On the heels of reporting promising numbers for 3Q 2010 (net income was $14.4 million at 22 cents a share up from last year's $8 million at 11 cents a share) Dillard's ($DDS) announced today they will be moving into the real estate business.
Now, before you start thinking that makes no sense whatsoever, real estate investment trusts (REITs) come with tax benefits that do not exisist in other corporate structures. In a Security and Exchange Comission filing the company explained that forming a REIT might enhance its ability to access debt or preferred stock, which will enhance liquidity, indicating that Dillard's may be a) going to start expanding into new stores or b) re-vamping the already existing stores.

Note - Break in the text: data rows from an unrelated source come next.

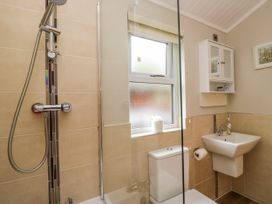 A bathroom featuring a shower, toilet, sink and window at Fir Tree Lodge, White Cross bay on Windermere, Troutbeck Bridge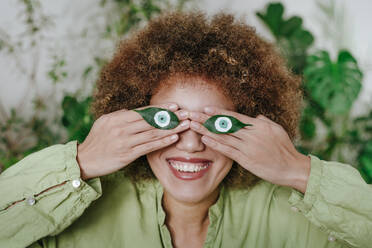 Happy young woman with painted eyes on leaves at home - YTF01823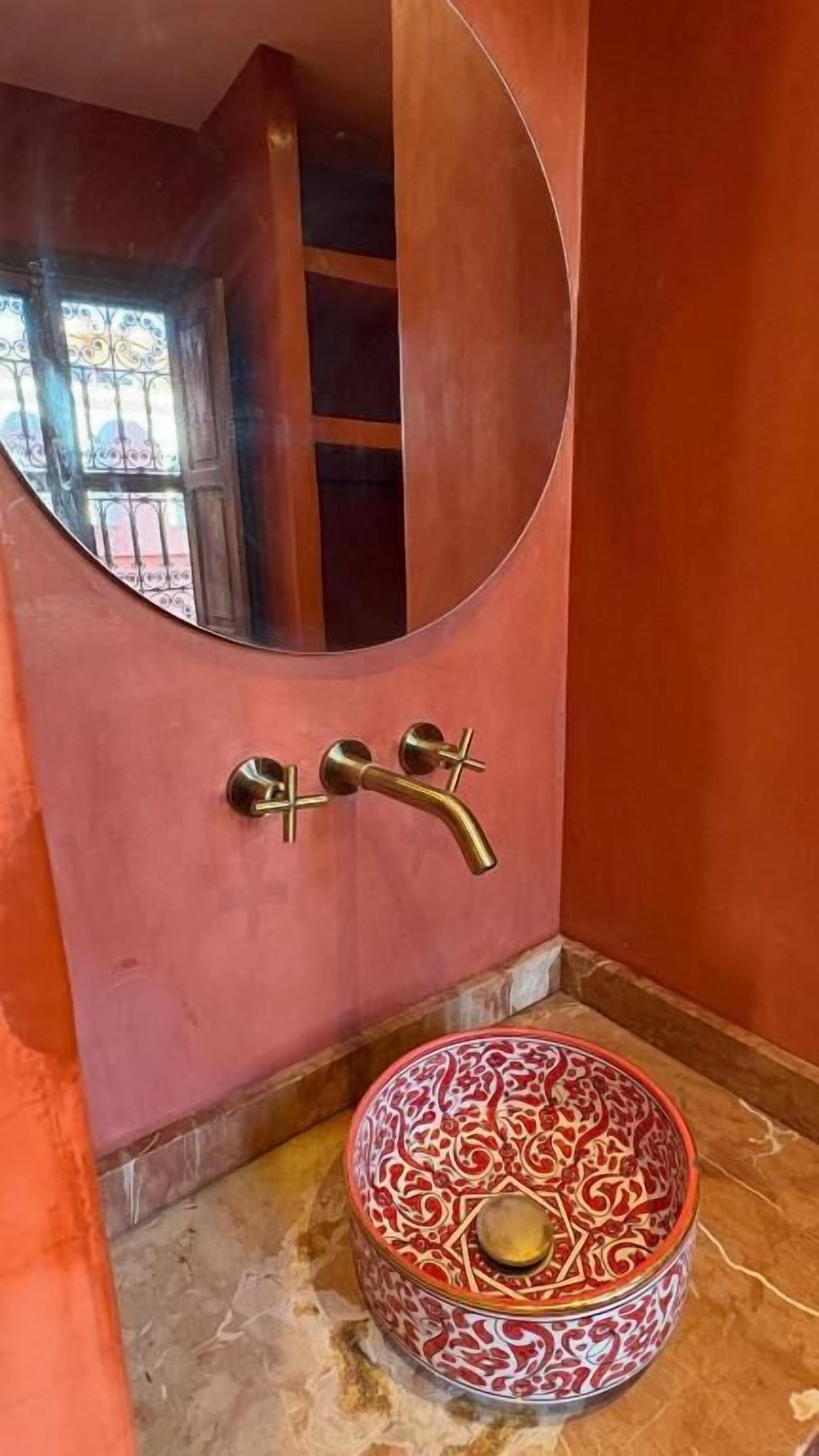 A bathroom with a round mirror, a brass faucet, and a patterned basin.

The retailer has hit numerous stumbling blocks in the past and was pretty much written off by Wall Street until 2007 where they launched a massive clean up effort. Management (mostly comprised of members of the Dillard family) started cutting underperforming stores, took a disciplined approach to inventory management, and started stocking the stores with better merchandise. Instead of trying to compete with retailers such as Kohl's ($KSS) Dillard's started to position itself as somewhere between a Macys ($M) and a Nordstrom ($JWN).
"Going into the REIT business is a genius move," says Jeffrey Roseman executive vice president of Newmark Knight Frank a New York commercial real estate broker. "It's like the age old notion that McDonalds isn't in the burger business, it's in the real estate business. This is just another way the retailer is able to increase income on their balance sheets apart from the sale of apparel."
According to thier annual report, Dillard's owns 241 of the 309 stores, roughly 78% of their doors.